In this talk, we reflect on this asymmetry of how to process small languages with large language models. We summarize the current challenges that NLP research is facing when it comes to creating models for highly variable or low-resource language varieties and present approaches for tackling these challenges along three major dimensions: resources (and resource awareness), modeling non-standard data and human-centric design.
Firstly, quantitative studies on non-standard languages have mostly been carried out by researchers largely belonging to two disjoint communities: the ones studying linguistic variation and language varieties spoken by small speaker communities vs. those focusing on language processing. While the lack of resources is severe, researchers might also not be aware of resources created outside of their own community. A recent documentation effort on Germanic datasets illustrates the dearth of resources, with datasets often small in size, largely unannotated and not always easy to find (Blaschke et al., 2023a).

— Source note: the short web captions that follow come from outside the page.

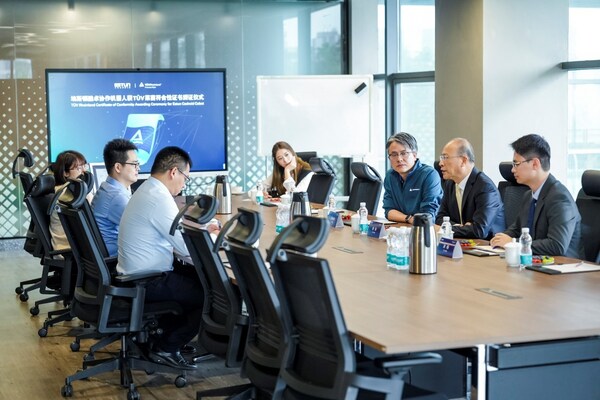 T&Uuml;V萊茵為埃斯頓酷卓協(xié)作機(jī)器人頒發(fā)符合性證書(shū)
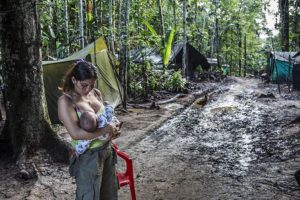 CATALINA MARTÍN-CHICO/COSMOS | L'exguerrillera de les FARC Angelina dóna el pit al seu nadó en un camp de transició durant la primavera del 2017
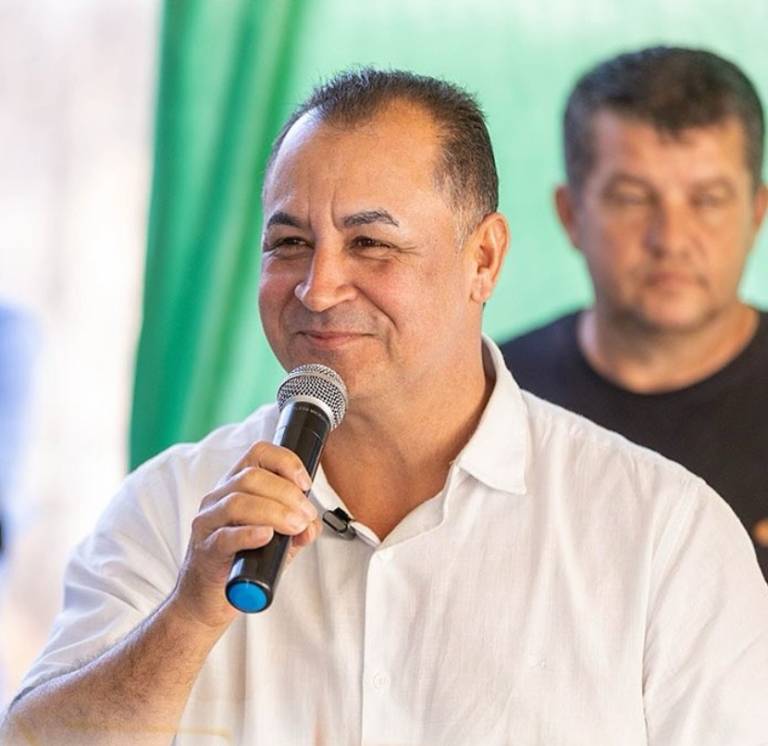 Carlinhos do Mangão entrega UBS e novos veículos em dia de celebrações pelos 30 anos da cidade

Secondly, current methods in NLP are not equipped to gracefully handle input variation. This is a problem when encountering data with linguistic features new to the model, and non-standard orthographies pose an especially large problem. The currently popular methods for encoding textual input rely on splitting the text into character sequences based on frequency statistics from large corpora – but texts written to reflect phonetic variation (Samardžić et al., 2015) or in otherwise non-standard orthographies (Nguyen et al., 2020) abound with character-level variation rarely seen in the training data and thus get encoded suboptimally.
Thirdly, not all NLP tools are built for the right reasons (Bird, 2020). Especially for minority and non-standard languages it is important to involve the speakers of the communities – not only to avoid issues in data quality (Kreutzer et al., 2022) but, crucially, to ensure the tools are of actual use to the speakers (Lent et al., 2022).

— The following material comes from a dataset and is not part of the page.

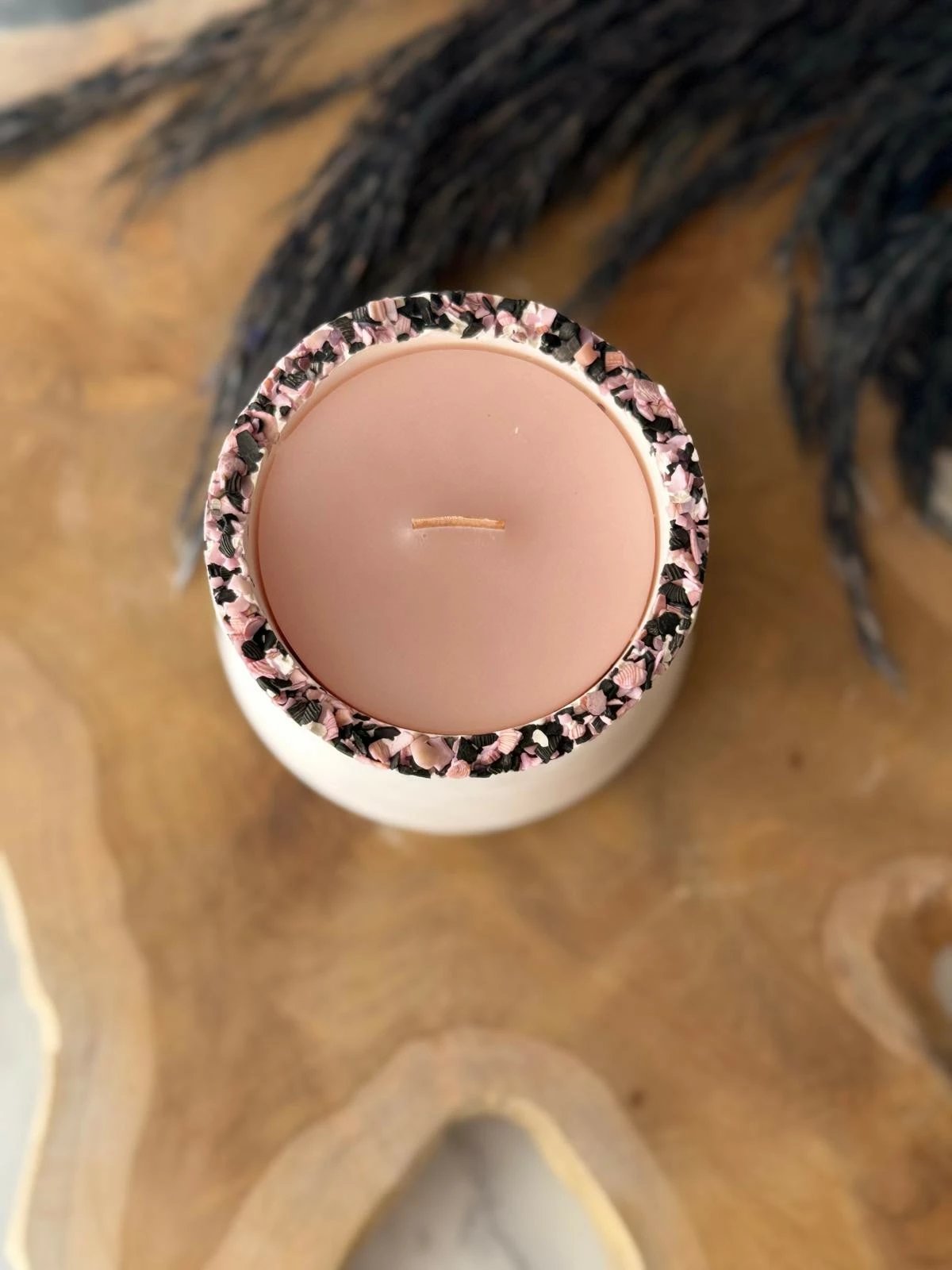 Qiri Glamour, Evila Originals, 7TM, rozë dhe bardhë, sojë, beton, 7x10x7cm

After outlining the major challenges, we will provide a snapshot of current solutions: from work on surveying existing resources (Zampieri et al., 2020; Blaschke et al., 2023a) to work on evaluating and improving the robustness of state-of-the-art NLP methods (Ziems et al., 2023; Aepli & Sennrich, 2022; Blaschke et al., 2023b; Sun et al., 2023). Overall, it is important to highlight interdisciplinary approaches and build on linguistic insights. Finally, involving members of the speaker communities both in the design and evaluation of systems is critical.